Chapter 9

Chapter

Nine

The widow’s voice had followed me through the corridors all morning, sharp as broken glass.

“Modern sentiment,” she’d said at breakfast, each word precise as a scalpel, “has no place in a well-ordered household. A governess who cannot control her impulses is of no more use than a horse with a bad temperament. Less, perhaps—at least the horse might still be broken.”

My eyes stayed fixed on the floor. The words sank into my skin like acid, and Philippe smiled into his eggs.

Two days since Daniel’s cuts. Six days since I’d fallen through time.

Six days of trying to convince everyone I belonged in this century while learning to navigate a world where kindness could get people killed.

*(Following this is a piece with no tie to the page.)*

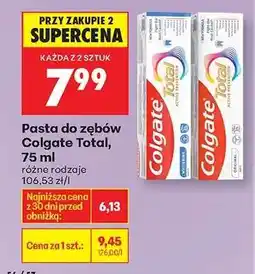 Biedronka Pasta do zębów Colgate Total 75 ml oferta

Cruelty existed in my own time, but not like this.

I wondered again what my friends were doing, if anyone was still searching for me?

What they thought might have happened to me?

And the last two days? Escalating punishment disguised as responsibility—extra duties, last to eat, first to rise.

The widow’s pointed comments about “unfortunate displays of weakness” all delivered within hearing of the other servants.

Philippe’s renewed cruelty, now with the certainty that his mother would not only permit it but encourage it.

And through it all, Brodie’s steady presence—watching, saying nothing, but always somehow positioned between Philippe and whatever servant the boy had targeted.

The man was a puzzle. Why protect me when he clearly thought me reckless? Why maintain that careful distance while his expression shuttered whenever our eyes met across the courtyard?

I was grateful, though. Even if the words stayed locked behind my teeth.

“Miss Carter.” The widow’s steward appeared in the doorway of the schoolroom where I’d been organizing Philippe’s Latin texts. “Madame requires your presence in the drawing room.”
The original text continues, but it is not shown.